Congress has rejected similar proposals at the behest of farm groups, but Agriculture Secretary Tom Vilsack said Monday that the largest farm operations can afford to take a cut in subsidies to help trim the ballooning budget deficit.
The proof? The Agriculture Department on Monday estimated that net farm income would reach $95 billion this year, up 20 percent from last year. If the forecast is right, 2011 will be the second best year for farm income in the past 35 years when adjusted for inflation, the Register said. Click here to read the USDA report.
A story in the Los Angeles Times, meanwhile, noted that farm subsidies are a "a hot-button issue that draws uncomfortable political battle lines: Should lawmakers deeply cut farm subsidy programs that help ensure a steady domestic supply of food, but that critics say are rife with waste and largely benefit large agribusiness corporations?"

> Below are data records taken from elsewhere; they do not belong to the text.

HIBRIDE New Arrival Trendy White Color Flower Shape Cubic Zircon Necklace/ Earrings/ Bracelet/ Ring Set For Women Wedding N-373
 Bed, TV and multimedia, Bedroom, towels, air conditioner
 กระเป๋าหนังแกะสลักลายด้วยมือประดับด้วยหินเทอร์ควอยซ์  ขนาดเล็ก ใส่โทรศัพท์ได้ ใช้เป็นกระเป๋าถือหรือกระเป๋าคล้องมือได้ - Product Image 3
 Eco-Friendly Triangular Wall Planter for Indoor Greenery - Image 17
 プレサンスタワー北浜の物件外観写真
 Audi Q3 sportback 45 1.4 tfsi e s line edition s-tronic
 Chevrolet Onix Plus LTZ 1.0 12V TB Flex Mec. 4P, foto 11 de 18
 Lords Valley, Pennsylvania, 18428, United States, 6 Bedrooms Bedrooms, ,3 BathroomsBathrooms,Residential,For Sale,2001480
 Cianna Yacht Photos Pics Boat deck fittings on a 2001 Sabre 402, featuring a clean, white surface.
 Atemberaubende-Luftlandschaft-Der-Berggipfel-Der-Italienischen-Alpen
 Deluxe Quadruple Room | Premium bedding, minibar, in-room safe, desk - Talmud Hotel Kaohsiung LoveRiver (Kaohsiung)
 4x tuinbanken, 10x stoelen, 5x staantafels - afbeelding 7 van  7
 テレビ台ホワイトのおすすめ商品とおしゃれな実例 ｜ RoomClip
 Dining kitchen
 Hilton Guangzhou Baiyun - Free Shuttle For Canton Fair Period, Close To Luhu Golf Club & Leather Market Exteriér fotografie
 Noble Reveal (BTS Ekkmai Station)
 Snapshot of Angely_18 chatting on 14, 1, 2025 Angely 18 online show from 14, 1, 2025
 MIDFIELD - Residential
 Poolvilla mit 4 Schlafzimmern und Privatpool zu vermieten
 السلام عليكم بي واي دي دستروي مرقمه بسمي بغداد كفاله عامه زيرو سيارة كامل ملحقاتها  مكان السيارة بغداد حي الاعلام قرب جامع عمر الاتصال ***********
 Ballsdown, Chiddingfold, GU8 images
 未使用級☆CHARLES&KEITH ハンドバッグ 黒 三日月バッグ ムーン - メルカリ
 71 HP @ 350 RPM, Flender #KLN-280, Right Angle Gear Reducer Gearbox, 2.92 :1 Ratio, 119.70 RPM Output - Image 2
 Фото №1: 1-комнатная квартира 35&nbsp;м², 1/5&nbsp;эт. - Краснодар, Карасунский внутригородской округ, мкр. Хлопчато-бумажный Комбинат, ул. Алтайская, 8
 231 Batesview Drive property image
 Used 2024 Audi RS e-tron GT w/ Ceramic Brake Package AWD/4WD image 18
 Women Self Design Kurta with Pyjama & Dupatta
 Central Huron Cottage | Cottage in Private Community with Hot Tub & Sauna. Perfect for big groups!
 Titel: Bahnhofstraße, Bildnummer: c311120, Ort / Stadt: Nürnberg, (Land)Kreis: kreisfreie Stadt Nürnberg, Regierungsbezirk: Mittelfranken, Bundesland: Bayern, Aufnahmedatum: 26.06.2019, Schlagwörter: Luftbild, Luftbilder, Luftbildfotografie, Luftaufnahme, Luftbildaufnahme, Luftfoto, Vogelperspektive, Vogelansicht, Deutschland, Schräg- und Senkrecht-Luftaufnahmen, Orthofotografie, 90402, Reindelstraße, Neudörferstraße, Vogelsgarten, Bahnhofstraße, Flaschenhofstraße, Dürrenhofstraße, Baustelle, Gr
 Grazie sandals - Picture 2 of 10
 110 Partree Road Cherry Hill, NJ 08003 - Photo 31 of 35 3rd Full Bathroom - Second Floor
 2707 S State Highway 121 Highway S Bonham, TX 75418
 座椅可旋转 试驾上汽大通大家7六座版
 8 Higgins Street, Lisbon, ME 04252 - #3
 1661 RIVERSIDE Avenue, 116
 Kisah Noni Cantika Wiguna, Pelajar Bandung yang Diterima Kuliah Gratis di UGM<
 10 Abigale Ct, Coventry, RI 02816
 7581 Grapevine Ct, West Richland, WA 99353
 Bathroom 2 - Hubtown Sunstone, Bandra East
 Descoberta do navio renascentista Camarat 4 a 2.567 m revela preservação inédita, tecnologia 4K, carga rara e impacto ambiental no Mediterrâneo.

As for the rest of Obama's proposed budget and impact on ag: Some of the other proposed cuts would affect conservation programs for wetlands and farmlands; rural housing loan and grant programs; and the agency's Food Safety and Inspection Service, which monitors meat, egg and dairy facilities. Such budget cuts would reflect "efficiencies that can be obtained," rather than affect food safety, Vilsack said during a news conference Monday.
The president's budget also calls for USDA spending on the Supplemental Nutrition Assistance Program, or so-called food stamps, to grow 15 percent from 2010 levels. In November, a record 43.6 million people — more than 1 in 8 Americans — took part in the program for food aid, according to USDA data.
Such programs can help farmers, the Times said. In recent years, for example, the dairy industry, which has struggled to recover from slumping milk prices, was able to unload some of its hefty cheese surplus to federally backed food bank programs.